Berzerk actually began speaking to the player outside of the confines of its game world. In its idle mode in addition to providing gameplay footage and information on point values, it also baited its player in by declaring, “Coin detected in pocket.” If one dropped said coin into the machine, one was greeted with a dystopian universe in which humans found themselves hunted by killer robots, who actually spoke about the player as they hunted him, “Get the humanoid, “Destroy the intruder,” “Attack it.”
Obviously, this was not the friendliest of greetings in the context of the first time that the arcade machine would aurally acknowledge the presence of its player.
In addition to issuing orders to the game’s antagonists, the killer robot, which said things like, “The humanoid must not escape,” the game even taunted the player under certain circumstances. If one completed a level by simply reaching that level’s escape point without destroying all of the robots present during that sequence, the game was more than willing to troll the player, “Chicken! Fight like a robot!”
Of course, unlike the modern PC or console game, arcade games were not games that were intended to be “completed.” These were machines designed to amuse people in short bursts, to extract quarters from those individuals, not to aid them in feeling the satisfaction of inevitable victory. These were not games designed to be beaten. These were games designed to beat you.
Which is why for me the most honest voice of the arcade era is that of Sinistar.
Sinistar was like a game of Asteroids on steroids, featuring better graphics, a scrolling world to fly your starcraft through, and, of course, significantly, a synthesized voice. Each level of Sinistar had a fairly straightforward and fairly fatalistic premise. A robotic death machine, the size of a space station, was being built in one area of the game’s map. A group of mining ships accompanied by some fighters would mine asteroids in the area for crystals to bring to the area in which that death machine, Sinistar, was being built as material to complete its construction. The player controls a ship that can disrupt this work, slowing or disrupting the inevitable process of Sinistar’s construction, by destroying workers and mining crystals himself that will be transformed into “Sinibombs” that can be used to destroy Sinistar.
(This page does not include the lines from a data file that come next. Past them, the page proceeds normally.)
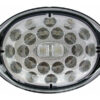 Hella LED tagatuli, AgrolunaLED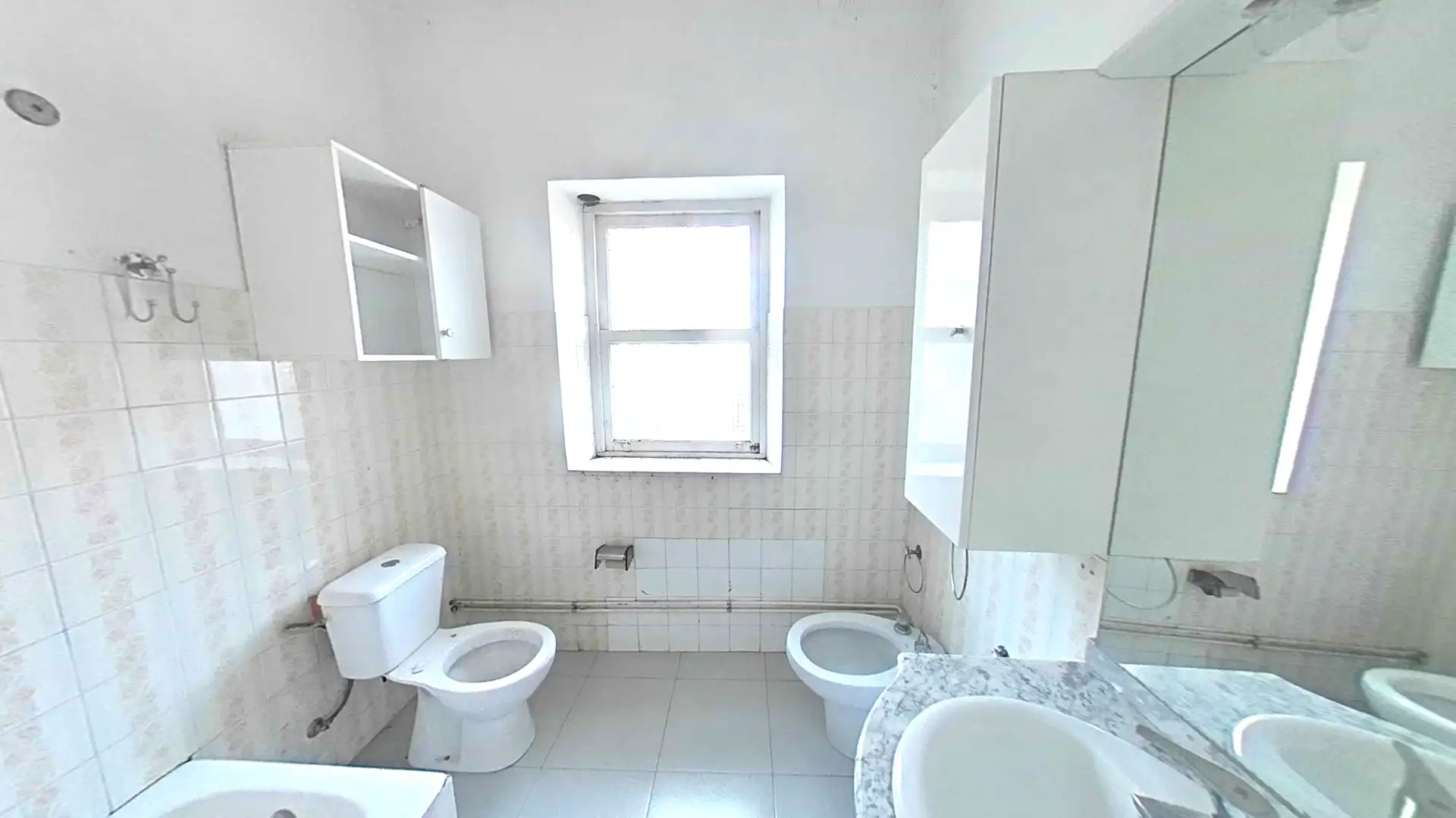 Piso en venta en Espartero, Ferrol Vello - Puerto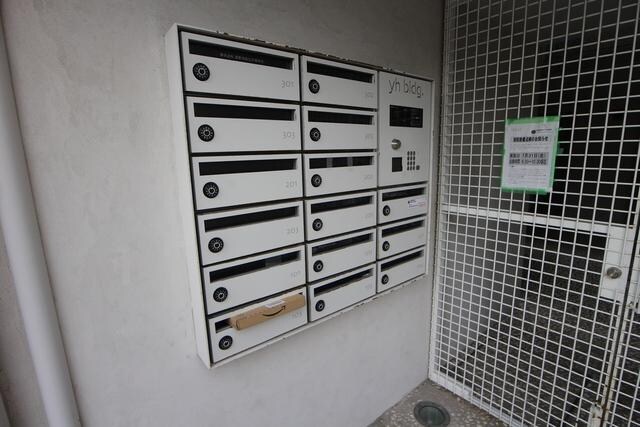 ｙｈ　ｂｌｄｇ．の物件内観写真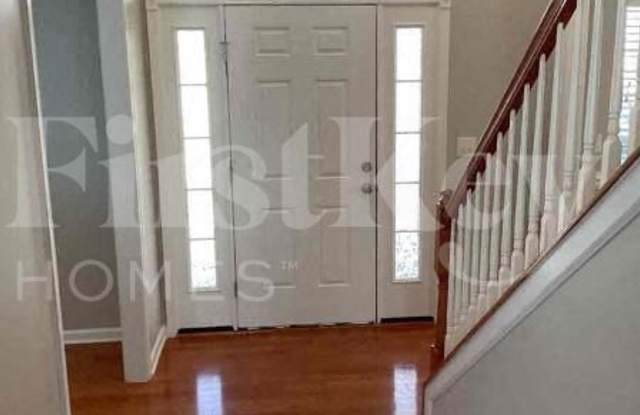 15625 Troubadour Lane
If Sinistar himself was completed, a battle would ensue, one in which the player through some preparation could conceivably win using his collected Sinibombs. However, the difficulty of this machine is infamous, especially because Sinistar’s attack is a simple one. He simply devoured the player’s ship if he came in contact with it. Oh, and Sinistar moved fast, much faster than the players ship and much more erratically.
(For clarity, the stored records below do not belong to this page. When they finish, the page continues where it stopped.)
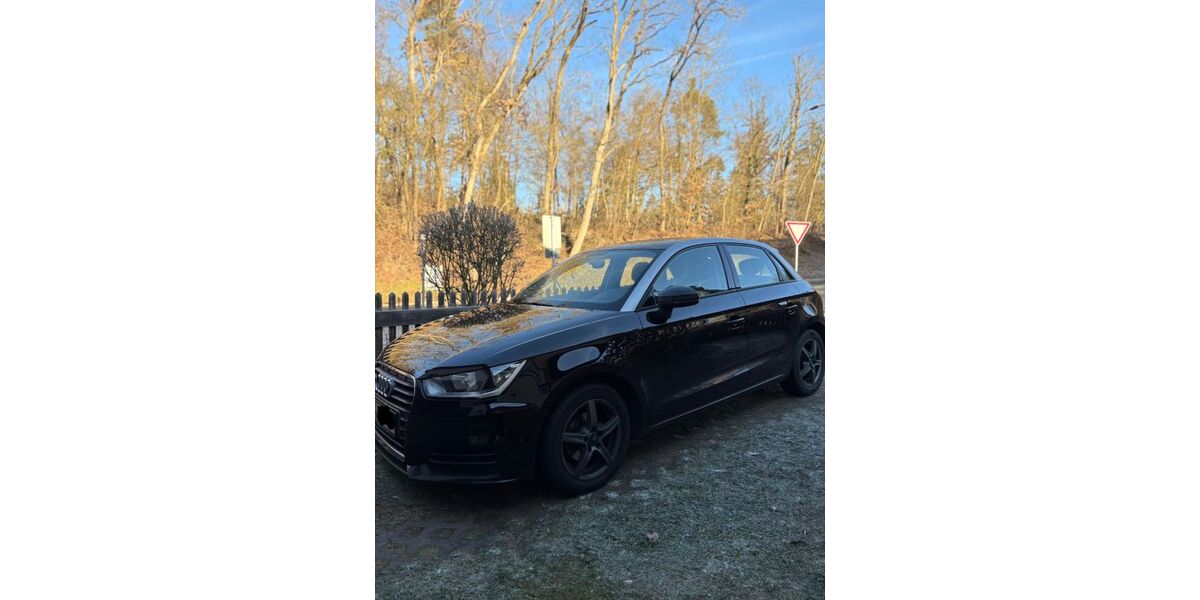 Audi A1 45.000 km 10.990 &euro; Regenstauf 93128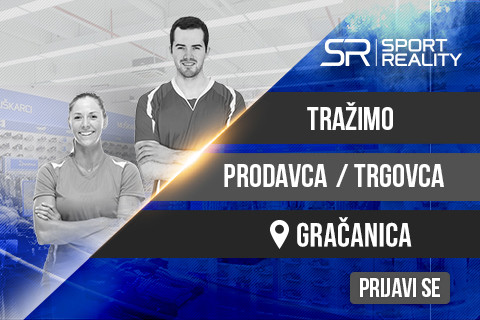 GRAČANICA: POSTANI DIO EKIPE!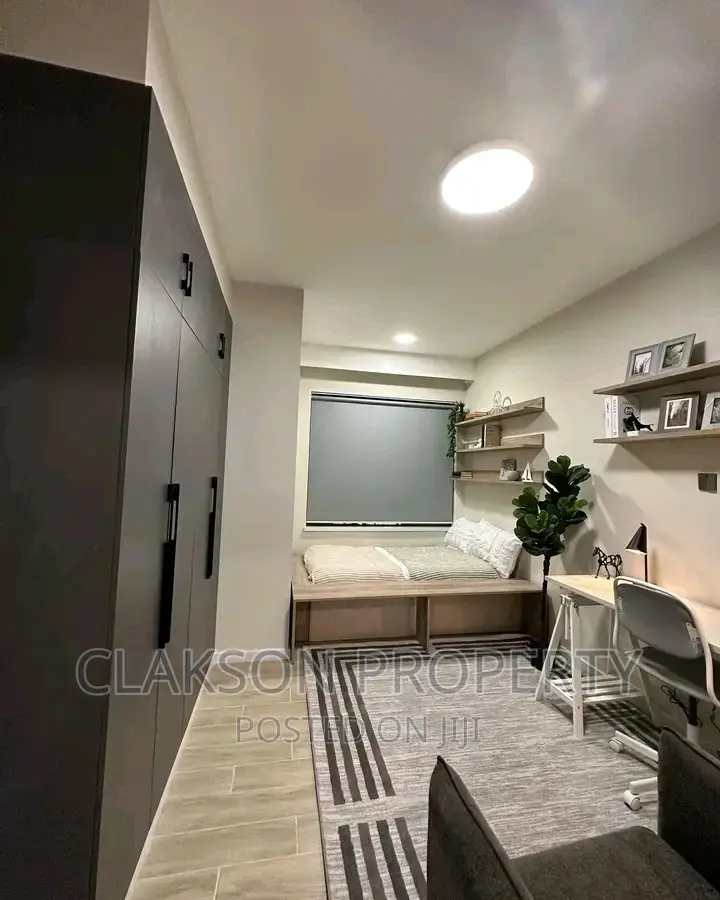 Furnished 2bdrm Apartment in Lavington for sale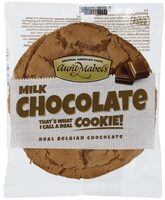 Milk Chocolate Cookie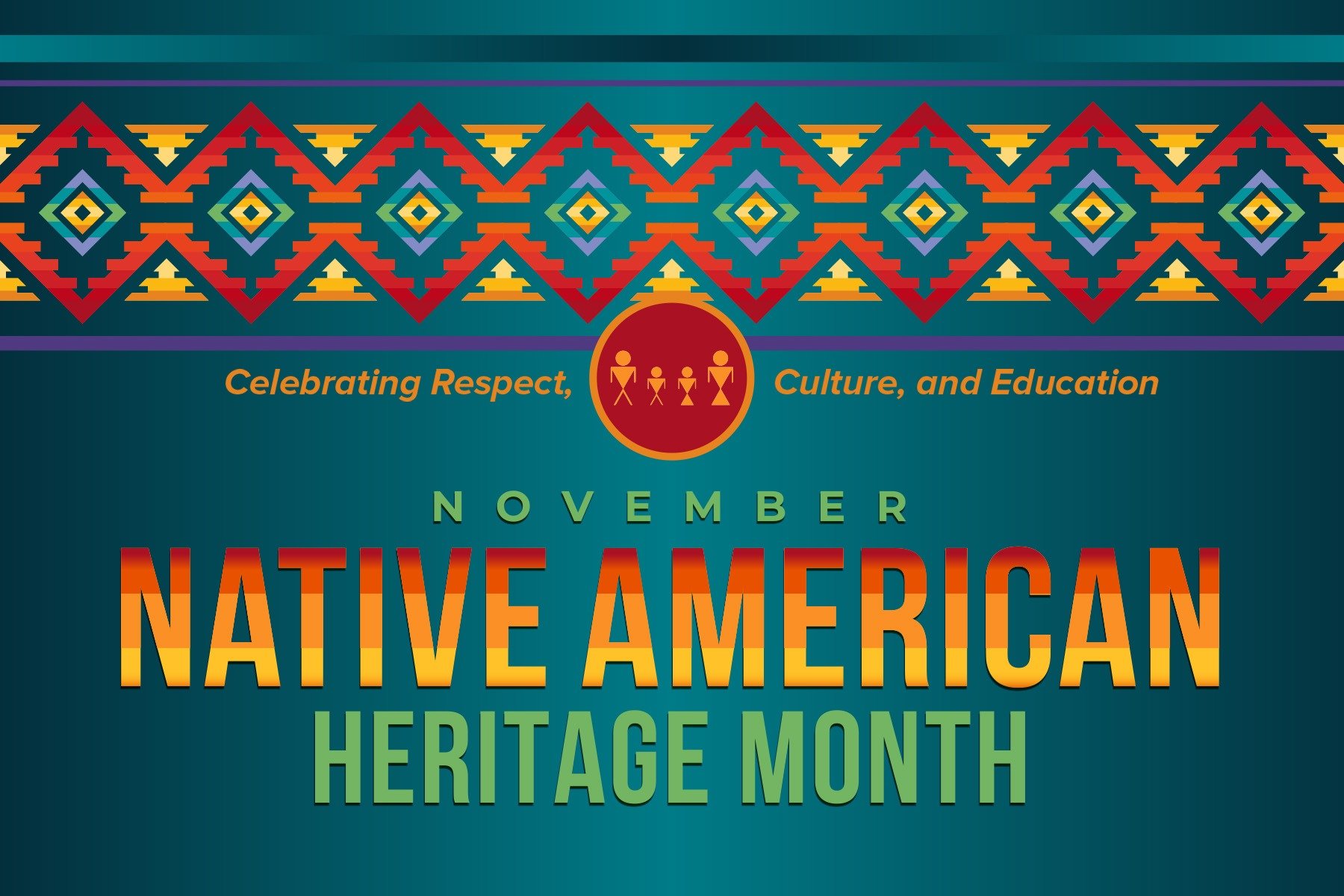 Celebrate Native American Heritage Month With These Indigenous Trailblazers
In essence, the completion of Sinistar signaled for most players the inevitability of a Game Over screen. But the most sinister thing about Sinstar was that Sinistar himself communicated that inevitable end by declaring when he was completed, “Beware, I live.”
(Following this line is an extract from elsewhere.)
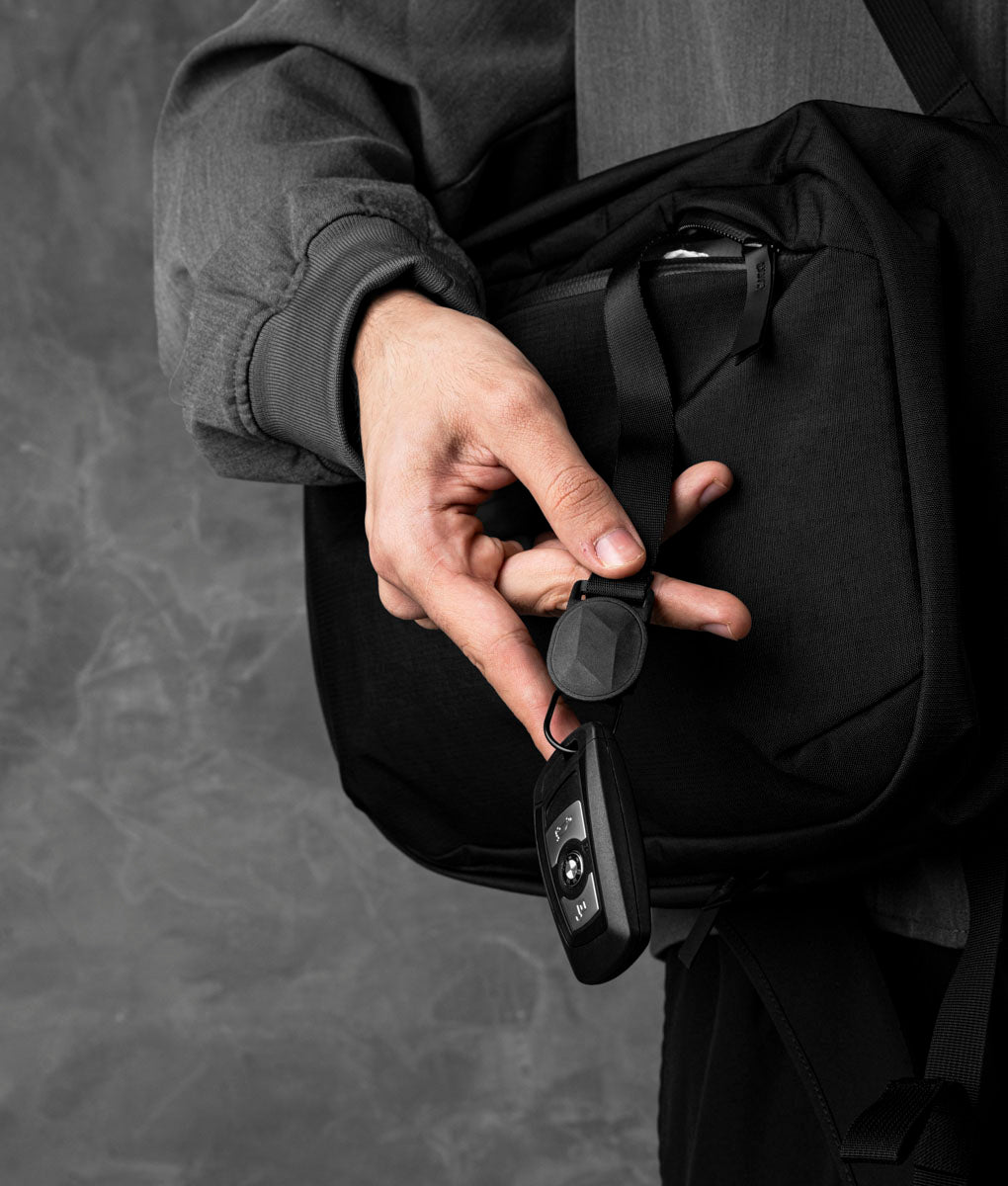 Metro Backpack | ALPAKA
To anyone who played arcade games in the 80s that declaration, “Beware, I live,” was the death of hope. It was also the moment in which Sinistar most clearly stated the game’s intent, “I hunger.” The voice of the machine was a voice that declared the real goal of the arcade, consumption. Sinistar was about to consume you, consume your quarter. Again, these were not games designed to be beaten. These were games designed to beat you.
Like the voice of the modern gaming tutorial, Sinistar revealed the goal of the game to the player (which, again, was not your success, but your inevitable failure) before offering you a very simple instruction on how to play: “Run.”
And run you would, madly firing off any stored missiles you might have at this point, though you knew and the game itself clearly knew what the inevitable conclusion of fun could only and always be in the arcade: Game Over.